▶ _RECORDS FOR THIS EXERCISE_:
◇ ◇ ◇ ◇ ◇

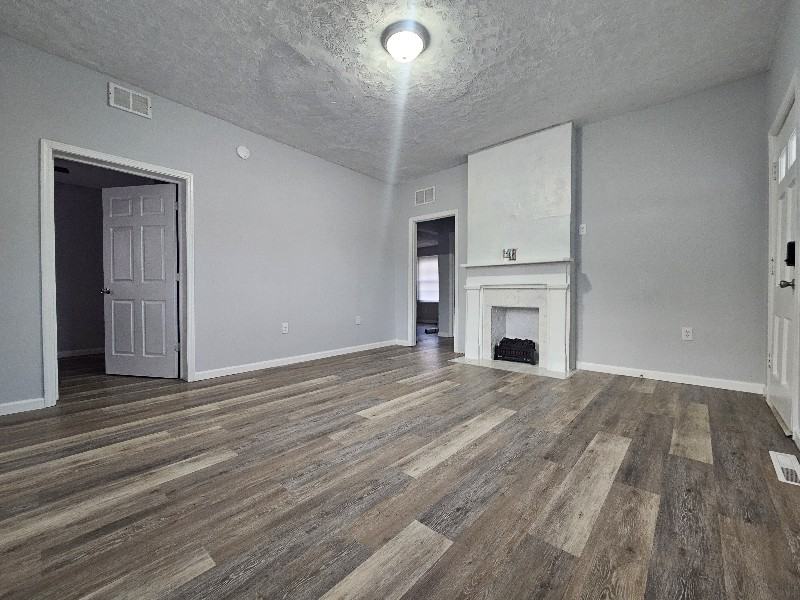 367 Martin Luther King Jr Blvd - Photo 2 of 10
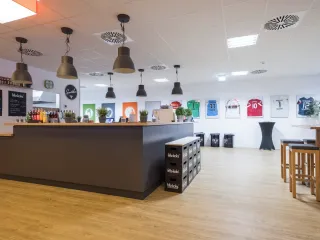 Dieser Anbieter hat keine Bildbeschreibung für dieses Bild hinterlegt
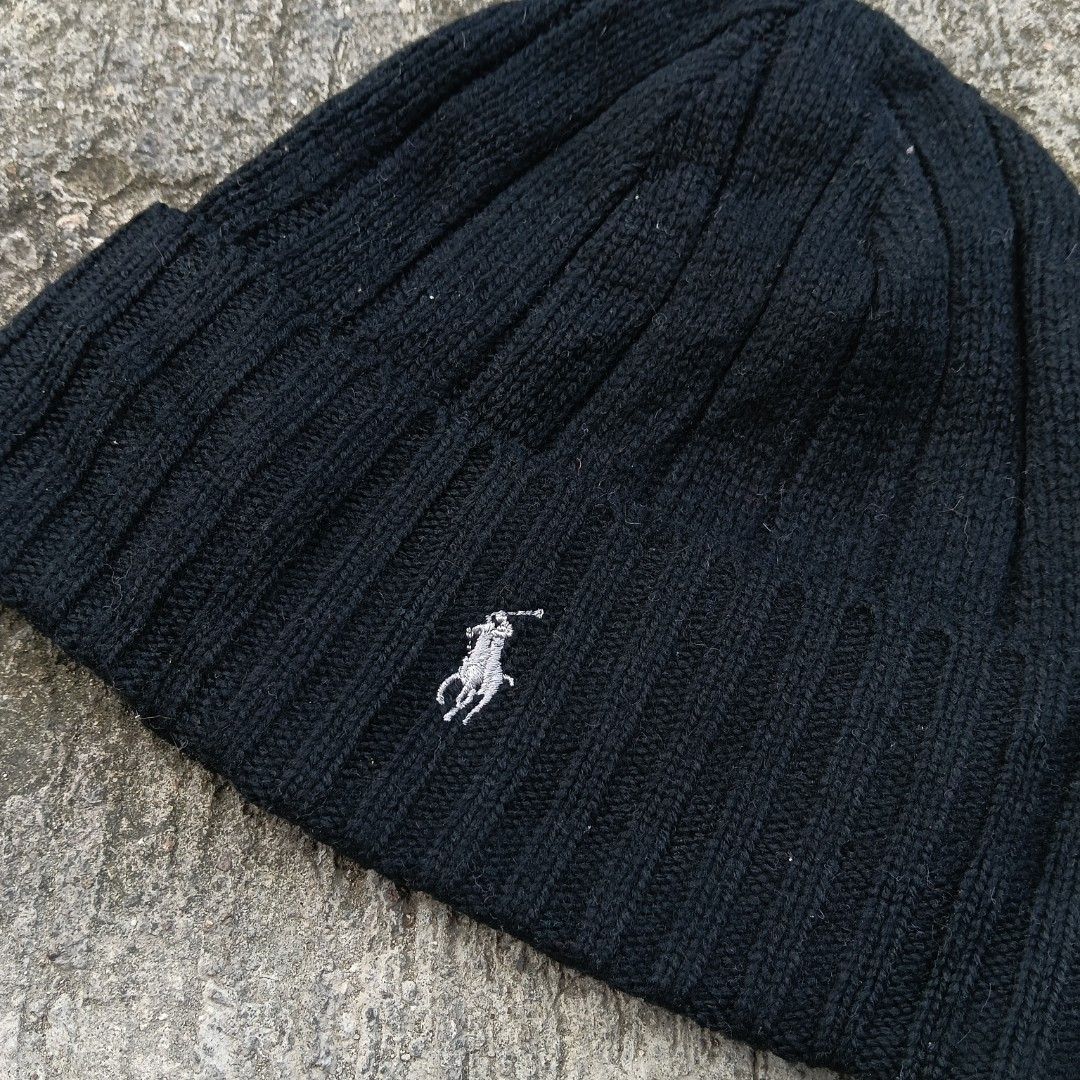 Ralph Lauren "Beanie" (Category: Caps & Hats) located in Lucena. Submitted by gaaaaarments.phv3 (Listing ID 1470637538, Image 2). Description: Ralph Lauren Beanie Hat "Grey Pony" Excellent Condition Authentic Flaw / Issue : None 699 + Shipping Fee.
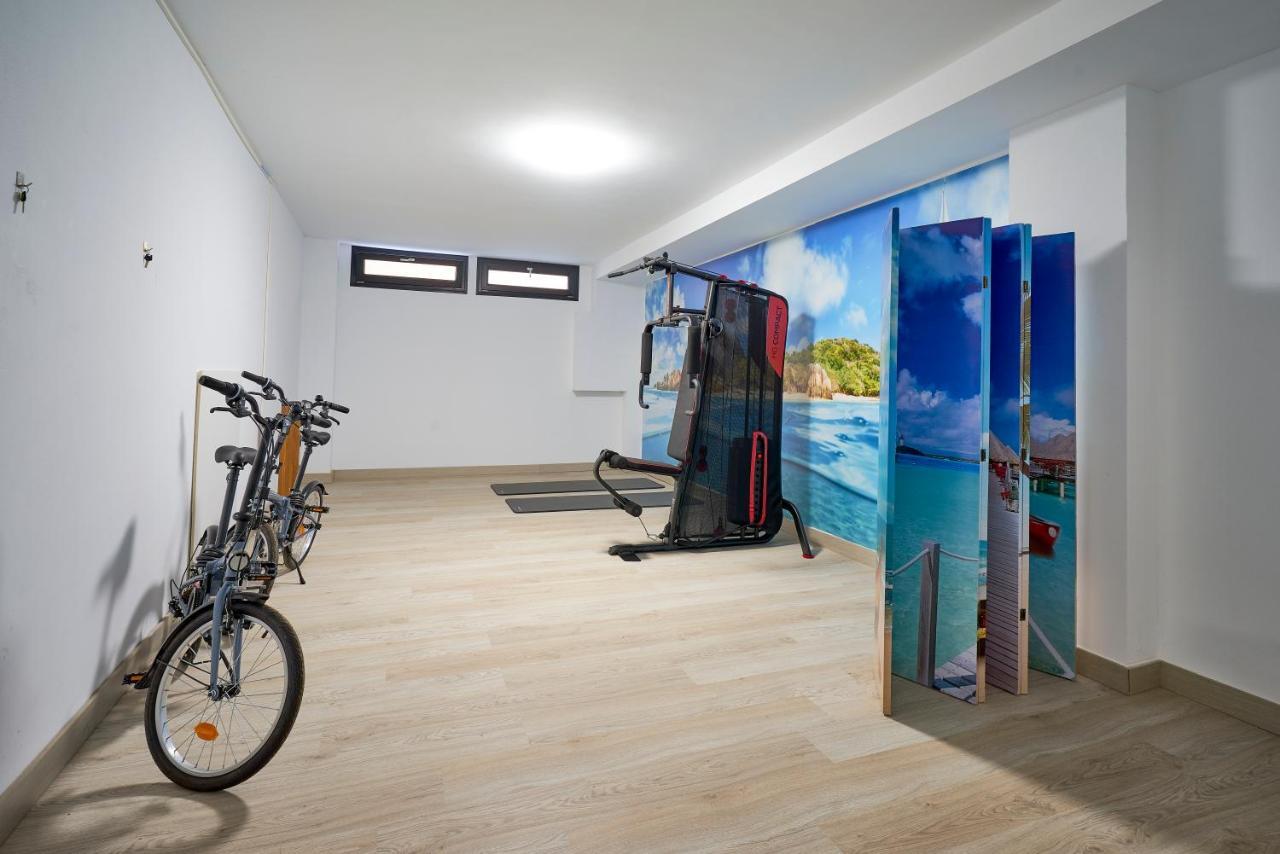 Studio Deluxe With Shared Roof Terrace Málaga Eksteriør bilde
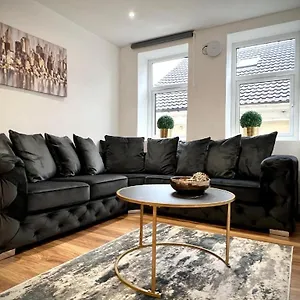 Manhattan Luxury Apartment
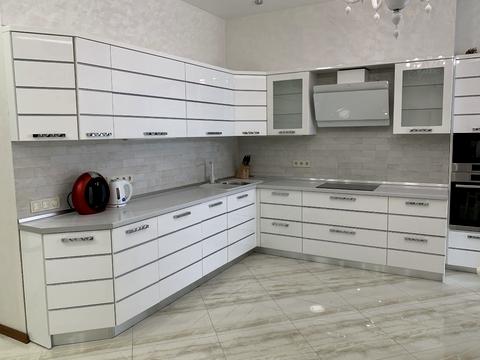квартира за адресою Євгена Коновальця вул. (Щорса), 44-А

◇ ◇ ◇ ◇ ◇

▶ _WHAT NEEDS TO BE DONE_: From the line that holds "699 + Shipping Fee." down to the last line of the material above, every line is to be copied exactly, both ends included; pictures are to be omitted.

▶ _COMPLETED TASK_:
 Ralph Lauren "Beanie" (Category: Caps & Hats) located in Lucena. Submitted by gaaaaarments.phv3 (Listing ID 1470637538, Image 2). Description: Ralph Lauren Beanie Hat "Grey Pony" Excellent Condition Authentic Flaw / Issue : None 699 + Shipping Fee.
 Studio Deluxe With Shared Roof Terrace Málaga Eksteriør bilde
 Manhattan Luxury Apartment
квартира за адресою Євгена Коновальця вул. (Щорса), 44-А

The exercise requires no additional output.